***** SOURCE DATA

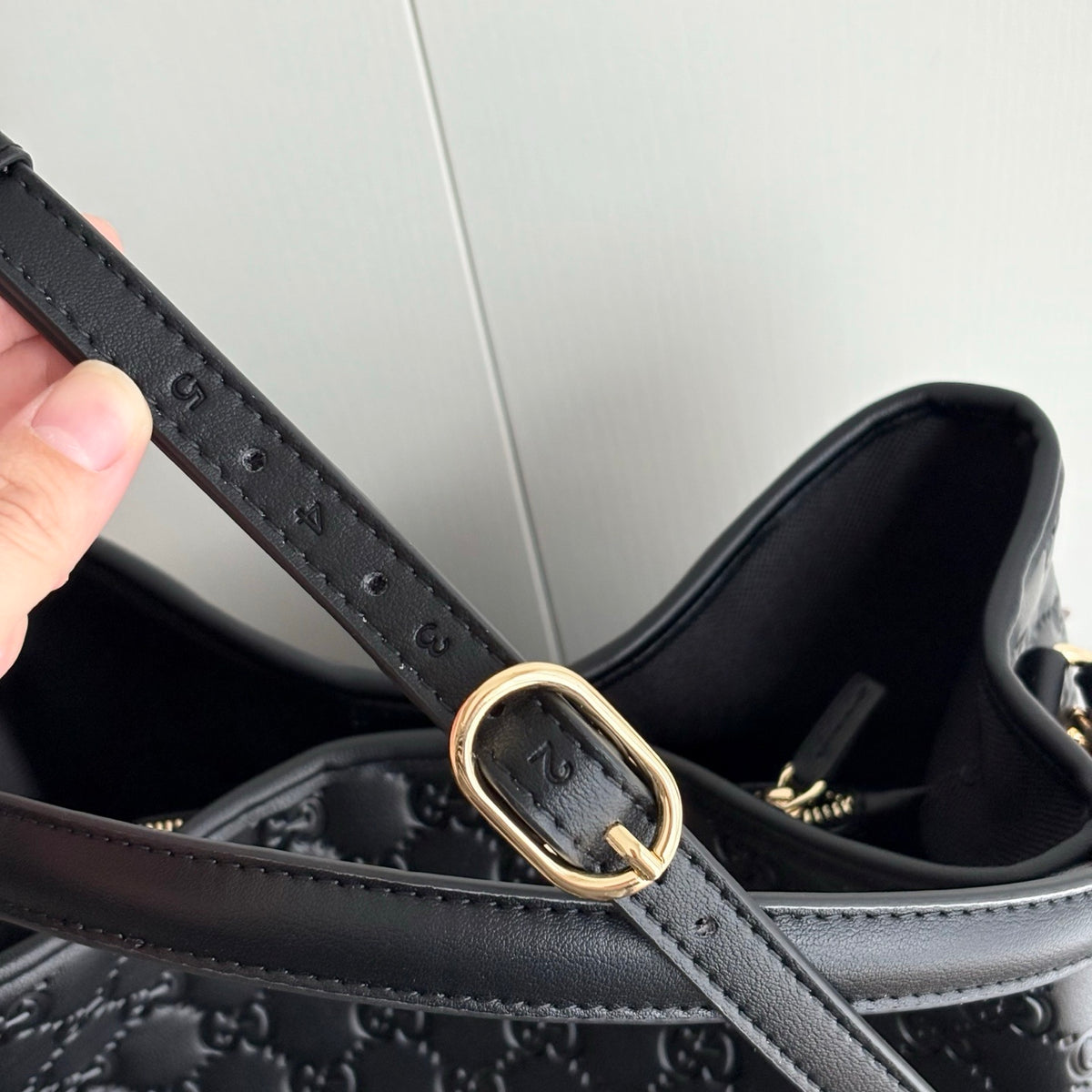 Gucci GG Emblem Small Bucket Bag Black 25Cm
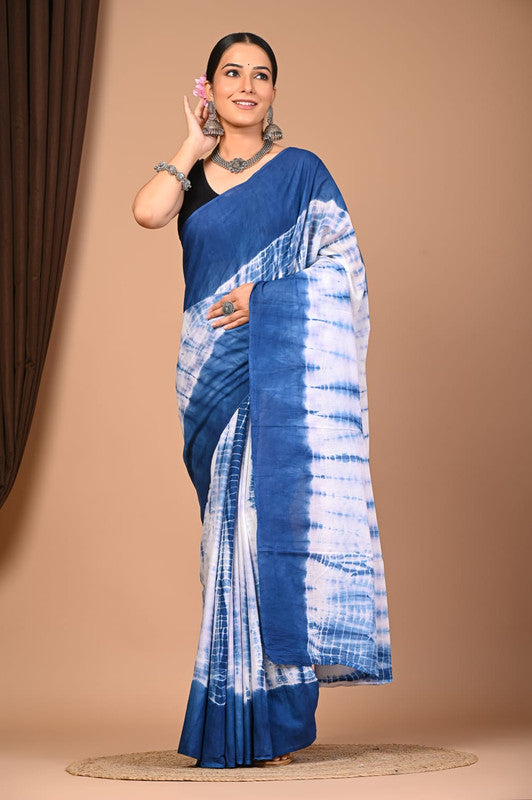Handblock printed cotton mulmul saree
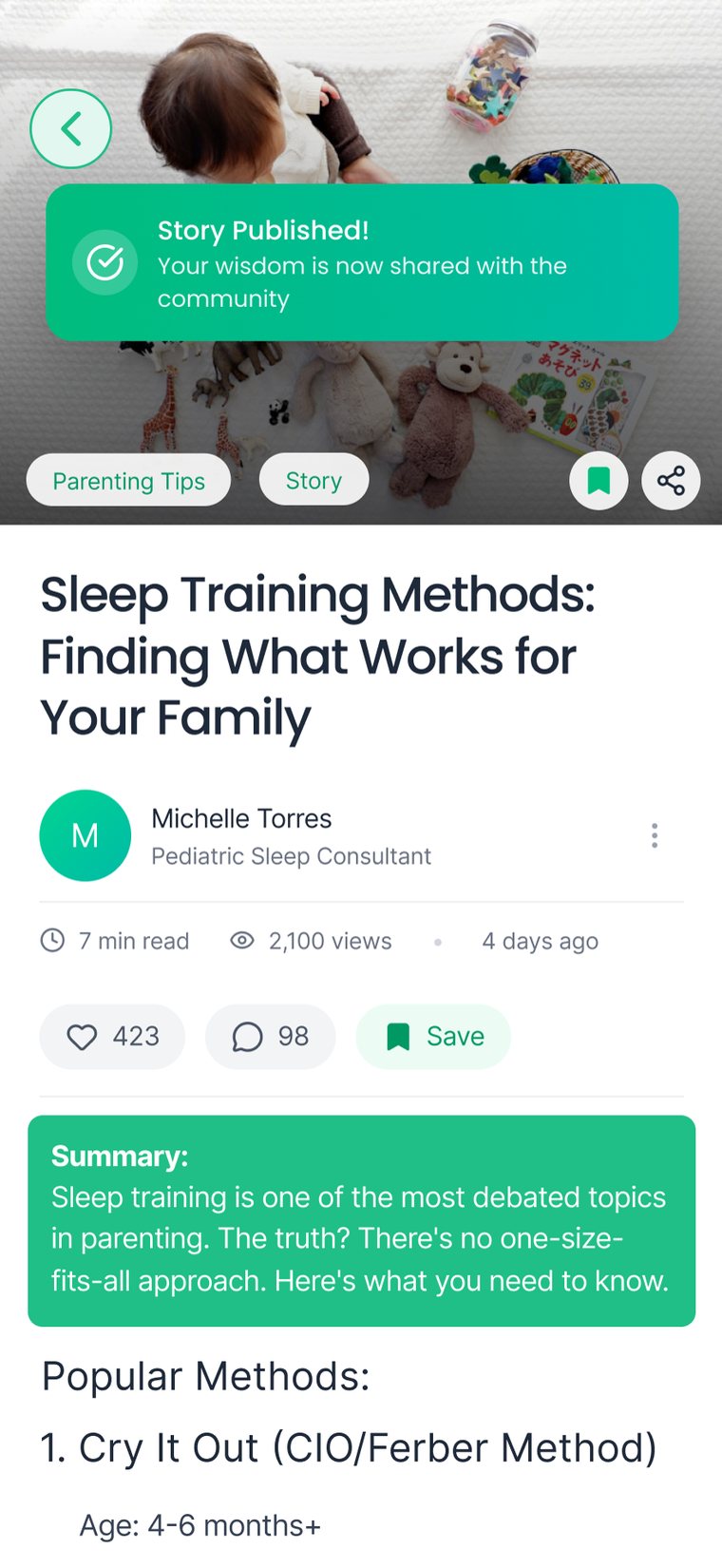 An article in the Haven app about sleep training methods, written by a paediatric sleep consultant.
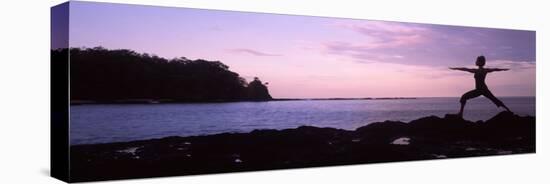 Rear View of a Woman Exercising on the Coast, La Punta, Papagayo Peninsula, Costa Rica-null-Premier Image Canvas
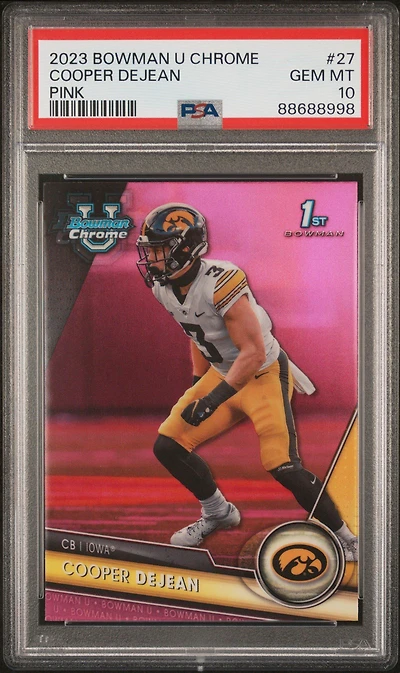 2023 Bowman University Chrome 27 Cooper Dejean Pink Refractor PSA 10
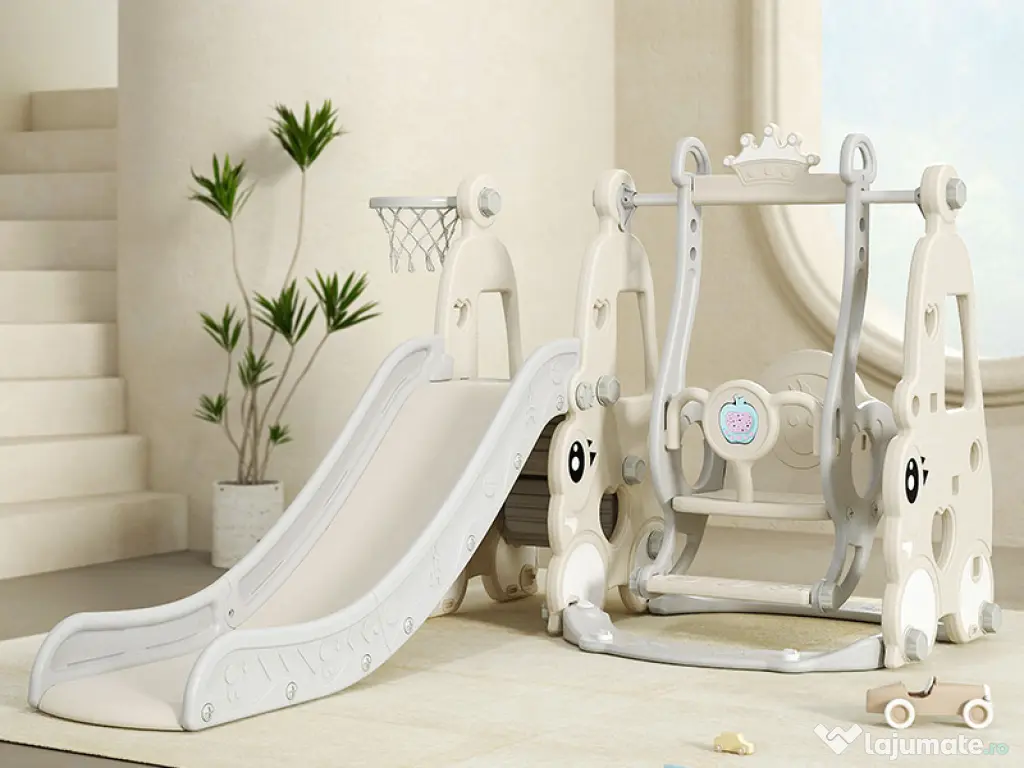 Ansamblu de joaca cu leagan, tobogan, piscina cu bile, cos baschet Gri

**********

EXERCISE OBJECTIVE:
Each record should be quoted exactly, with the images omitted.

WRITTEN SOLUTION:
 Gucci GG Emblem Small Bucket Bag Black 25Cm
Handblock printed cotton mulmul saree
 An article in the Haven app about sleep training methods, written by a paediatric sleep consultant.
 Rear View of a Woman Exercising on the Coast, La Punta, Papagayo Peninsula, Costa Rica-null-Premier Image Canvas
 2023 Bowman University Chrome 27 Cooper Dejean Pink Refractor PSA 10
 Ansamblu de joaca cu leagan, tobogan, piscina cu bile, cos baschet Gri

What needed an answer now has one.